The rules that exist on paper

Five statutes do most of the work, in theory:

  1. Ethics in Government Act (1978) and 18 U.S.C. § 208 — bars federal officials from participating in matters that affect their financial interests.
  2. STOCK Act (2012) — extended insider-trading prohibitions to the executive branch and Congress, and required disclosure of trades over $1,000.
  3. OGE Form 278e — public financial disclosure filed within 30 days of nomination.
  4. OGE Form 278-T — periodic transaction report for any individual trade over $1,000.
  5. 5 CFR Part 2634 Subpart D — qualified blind trusts and qualified diversified trusts.
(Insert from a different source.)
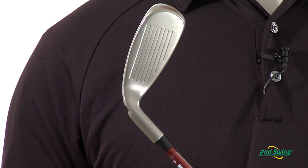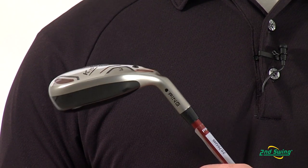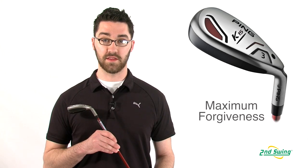Using lightweight titanium for the club face allows for weight to be distributed throughout the perimeter of the club head. Perimeter weighting and high MOI provide maximum forgiveness throughout all of the hybrids available in the K15 line.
The initial portfolio of a diversified trust may not include securities with substantial activities in the official's primary area of federal responsibility.

For specific cabinet posts there are statutory bans on top of those rules. The most important one: the Secretary of Defense may not own stock in Lockheed Martin, RTX, Northrop Grumman, General Dynamics, Huntington Ingalls Industries, Boeing, or L3Harris — even outside of wartime, even in a diversified trust. We call them the Forbidden Seven.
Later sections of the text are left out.